Experienced retailers know how to sell hot tubs. They know how to merchandise, as well as provide financing and service to consumers looking to invest in a hot tub for their backyard. However, many retailers are still not maximizing the profit potential of various hot tub essentials available in today’s marketplace. Products such as steps, surrounds, covers, lighting, rails, tables, and more. These products are not just accessories, but are, in fact, ‘necessities’ that allow the consumer to get the most enjoyment out of their hot tub.

Further, many of these products are not only designed to enhance functionality, but also to elevate the beauty of the backyard. Selling these products allows retailers to add a minimum of $300 to $500 in revenue on every hot tub sale. Now is the time for retailers to sit down with staff and learn about all of the different hot tub ‘necessities’ that can be added to every purchase. Retailers should place these products in their showroom so sales staff never forgets to upsell at least one of these items on every deal. By setting some ‘necessities’ sales goals, retailers can watch their revenues increase, leaving less money on the table.

Start with hot tub placement

Placement of the hot tub is the first step in creating a backyard oasis for a new client.
Placement of the hot tub is the first step in creating a backyard oasis for a new client.

Placement of the hot tub is the first step in creating a backyard oasis for a new client.
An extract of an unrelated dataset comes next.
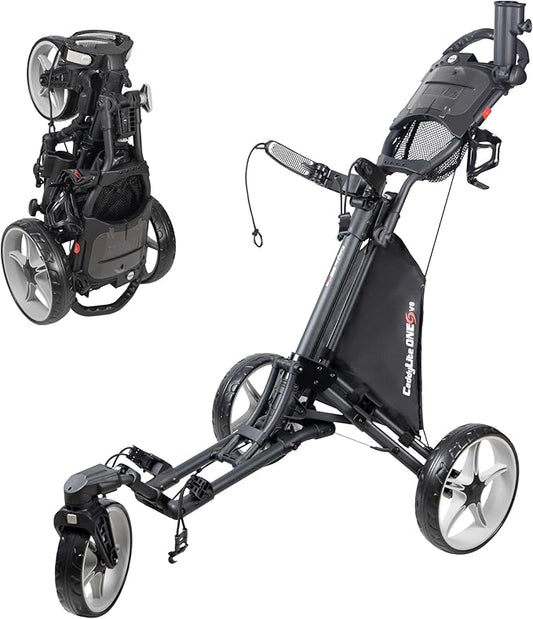 Caddytek CaddyLite ONE-Swivel V8 Golf Push Cart - Lightweight 3 Wheel Foldable Cart with One-Click Folding, 360° Swivel Front Wheel, Adjustable Handle, Cooler Basket, Umbrella & Drink Holder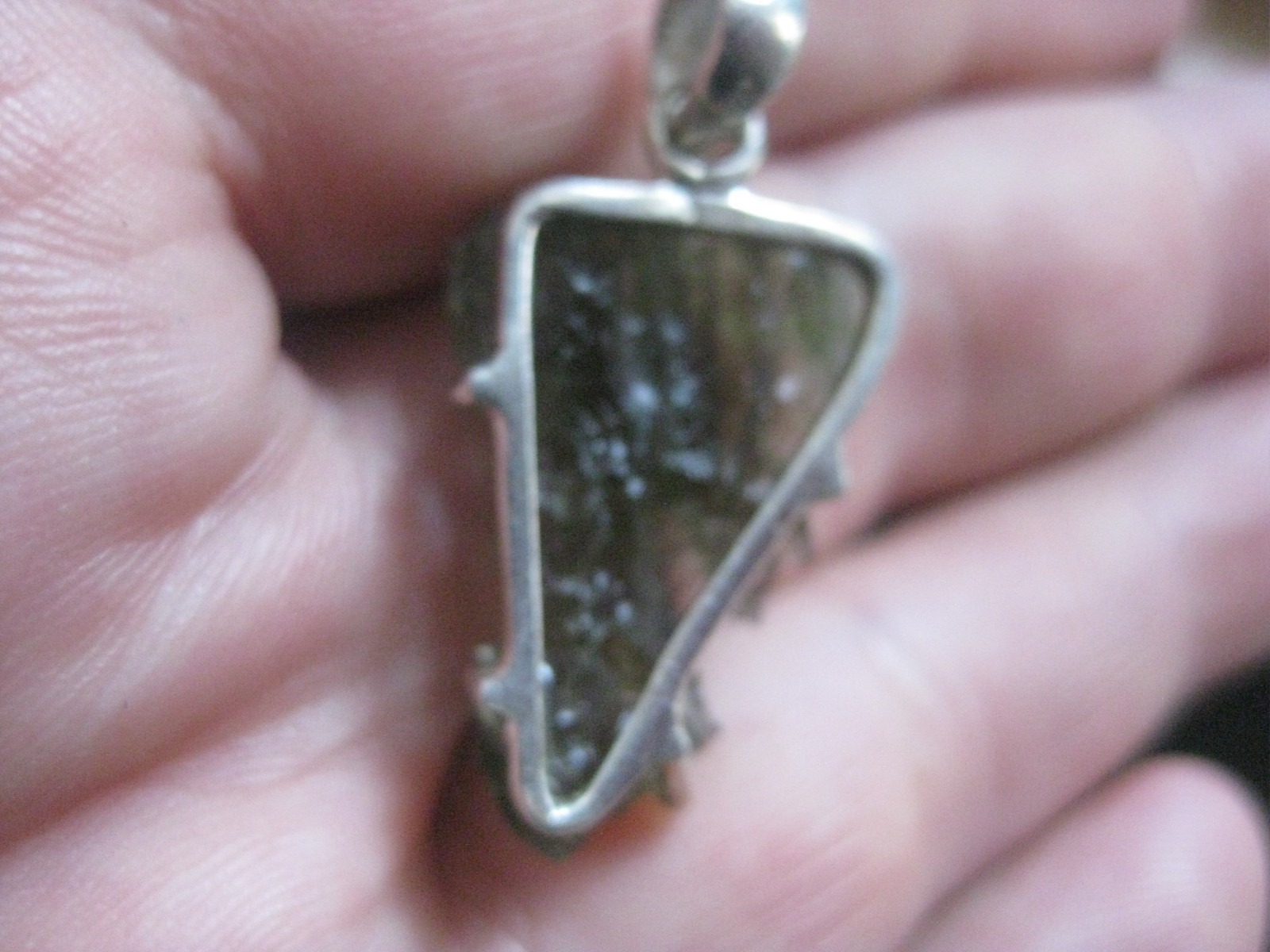 Moldavite pendant Nova Hospode,tektite genuine, Czechia impact glass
Most retailers experienced in selling hot tubs have the necessary knowledge required to select the best location for the hot tub on the client’s property. The question then becomes which ‘necessities’ can be added to the hot tub to provide practical solutions and esthetic appeal when addressing how it is going to be used. For instance:

  • Does the client need additional lighting leading from the house to the hot tub?
  • Would additional steps be beneficial?
  • Is a safety handrail or a hydraulic lift required?
  • What about a hot tub cover that might also provide privacy or double as a movie screen?
  • Will surrounding seating and storage facilities suit the hot tub space?
  • What is the best way to create or integrate the hot tub into the surrounding outdoor living space?

Jamie Burson, owner of Great Bay Spa and Sauna in Portsmouth, N.H., has been selling hot tubs for more than 40 years, and says the practical issues of placement often lead the discussion directly into the selling of ‘necessities.’

“It seems obvious, but we want our customers to enjoy their hot tub year-round,” says Burson.

Learning about how the hot tub will be used and by who, allows sales staff to start talking about the additional products available to make it easier for the homeowner to get the most enjoyment from their hot tub investment.

“Our experience helps us guide the customer to the best, most practical solution, while still fulfilling their desired look,” says Burson.

Most clients come in with an idea of what they want; therefore, hot tub retailers need to be able to suggest a variety of available products to help them achieve the look they are after. Consumers that have not owned a hot tub in the past, also do not think of the practical issues of using the hot tub or what accessories or ‘necessities’ will make his/her hot tub experience more enjoyable. Suggesting and selling these products provide value to the client while helping retailers increase profits.